» **Task prompt**:
Make an exact transcript of the lines in the data below, starting with the one containing "Wool Sweater Vest" and going on through the one containing "Somos #ComfaOriente https://t.co/T3co8BFPqq", with both included and the pictures left out.

» **Data for this exercise**:
---------------

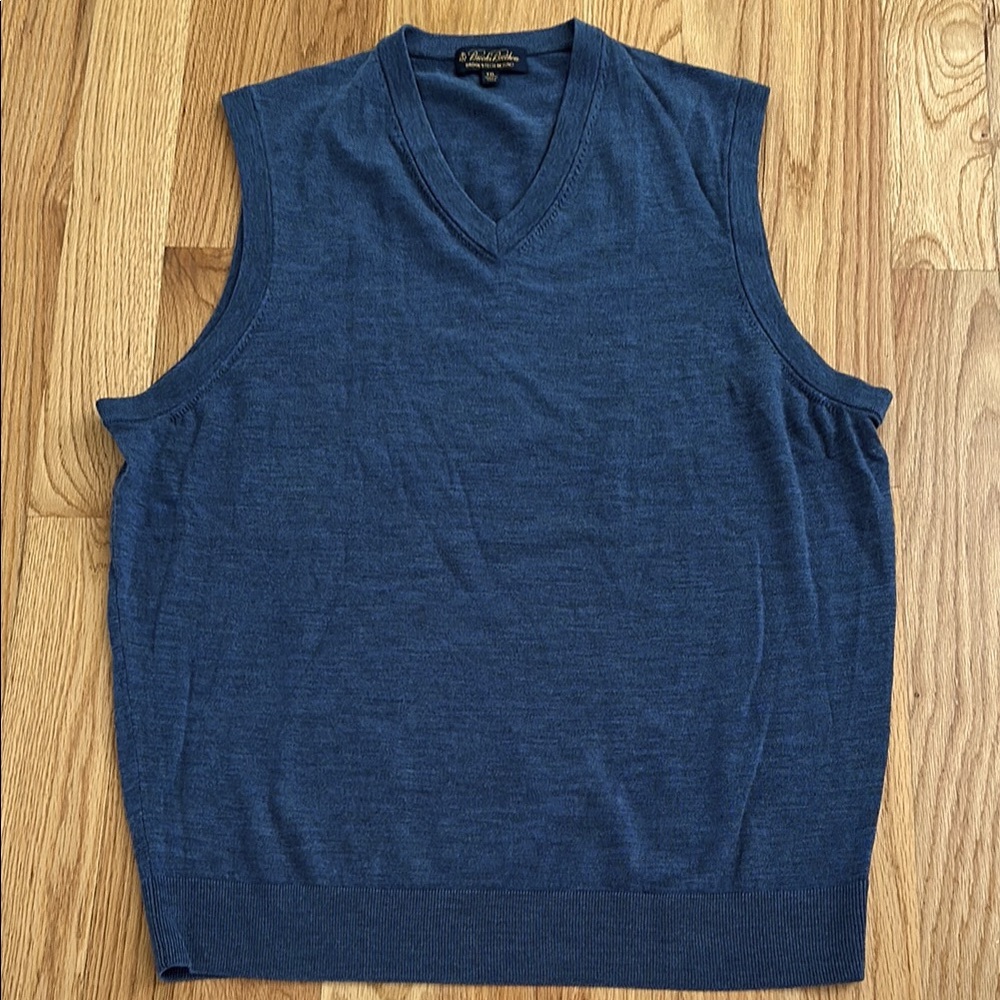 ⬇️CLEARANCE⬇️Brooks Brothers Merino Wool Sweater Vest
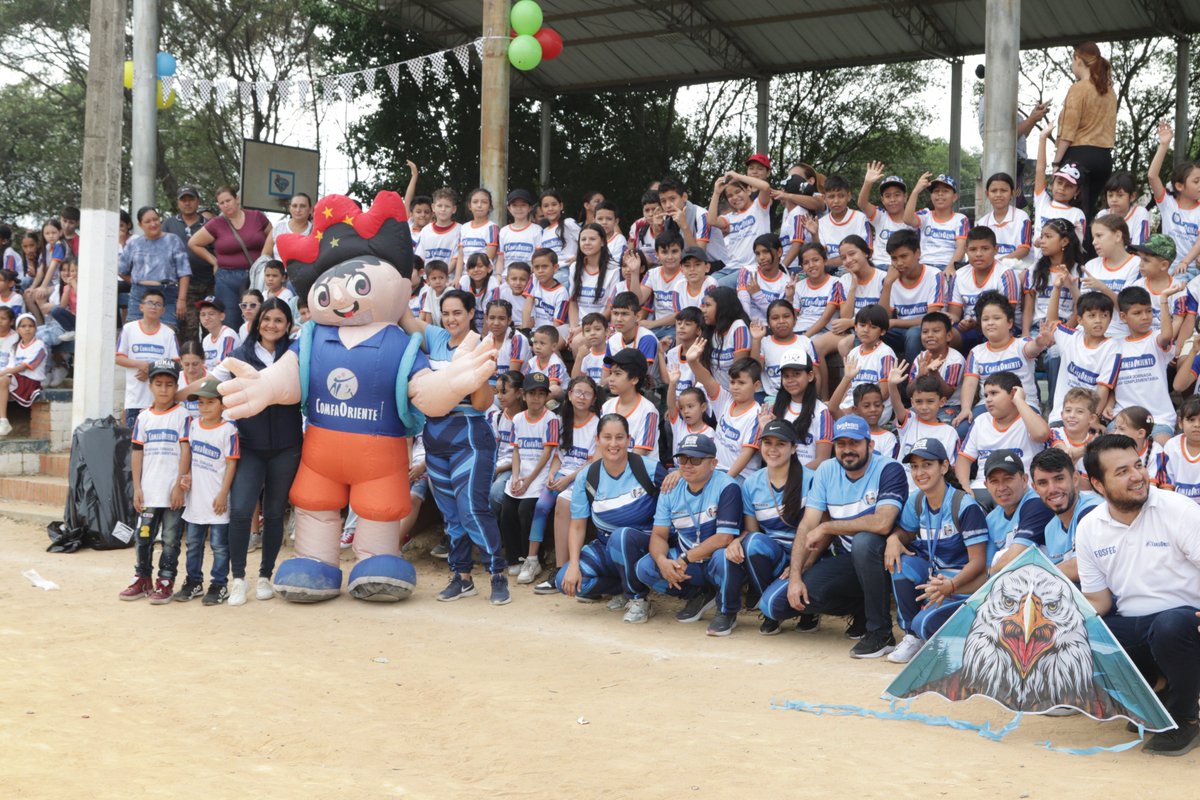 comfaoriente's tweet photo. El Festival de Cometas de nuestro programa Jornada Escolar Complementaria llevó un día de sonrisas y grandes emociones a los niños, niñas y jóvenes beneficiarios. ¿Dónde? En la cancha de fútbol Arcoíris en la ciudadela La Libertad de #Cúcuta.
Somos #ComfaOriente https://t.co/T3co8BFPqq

---------------

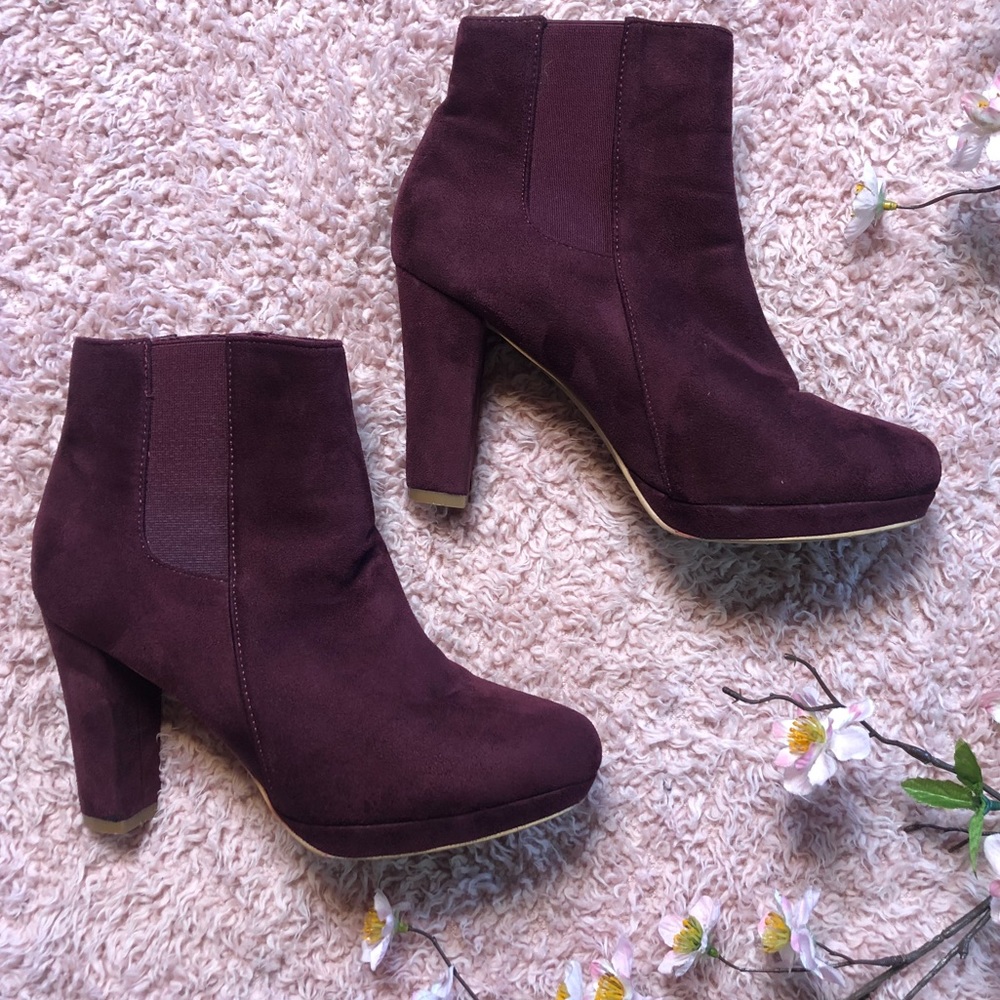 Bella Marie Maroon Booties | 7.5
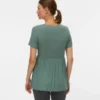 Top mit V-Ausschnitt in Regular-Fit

---------------

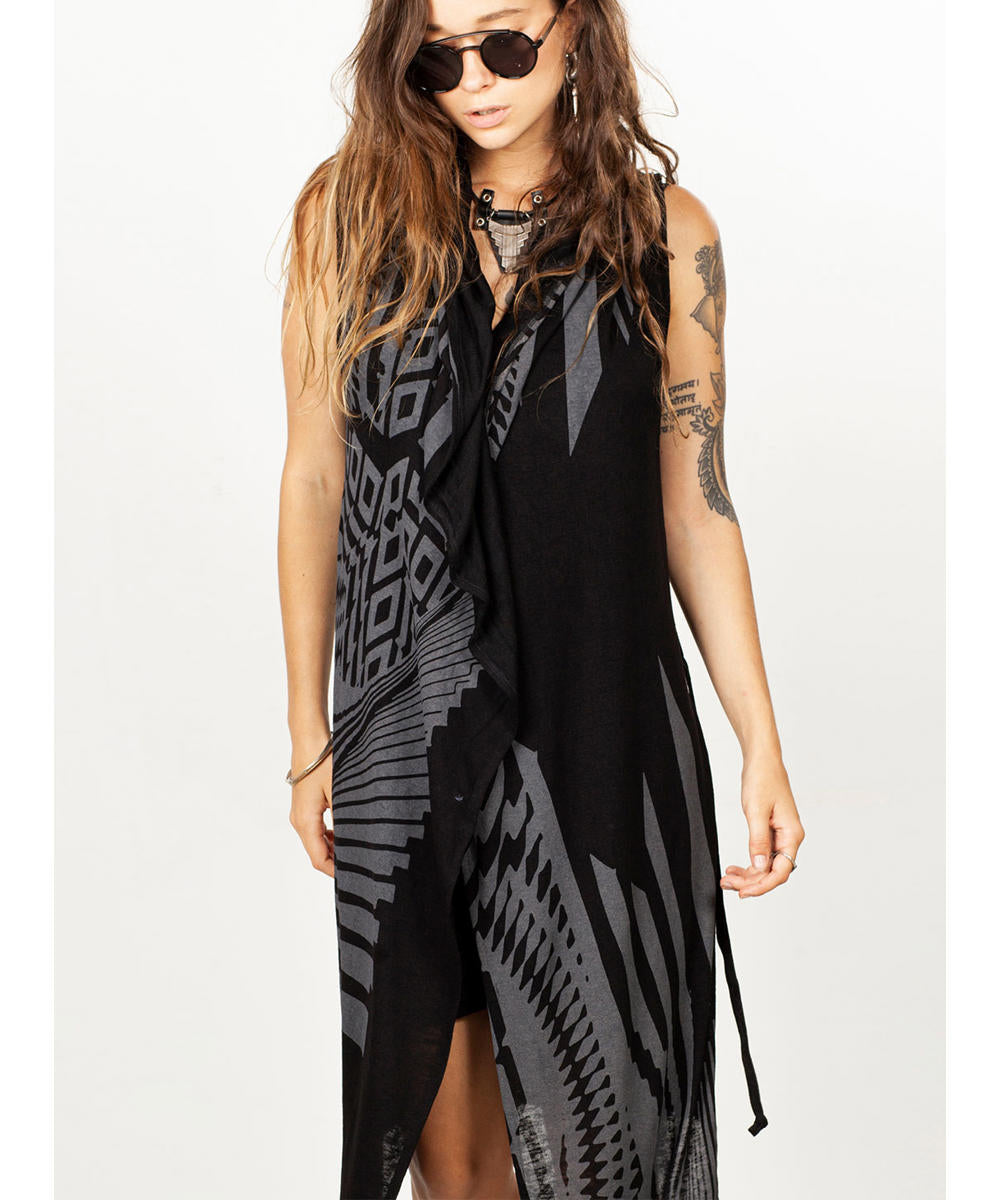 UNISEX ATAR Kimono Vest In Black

---------------

» **Result for this exercise**:
 ⬇️CLEARANCE⬇️Brooks Brothers Merino Wool Sweater Vest
 comfaoriente's tweet photo. El Festival de Cometas de nuestro programa Jornada Escolar Complementaria llevó un día de sonrisas y grandes emociones a los niños, niñas y jóvenes beneficiarios. ¿Dónde? En la cancha de fútbol Arcoíris en la ciudadela La Libertad de #Cúcuta.
Somos #ComfaOriente https://t.co/T3co8BFPqq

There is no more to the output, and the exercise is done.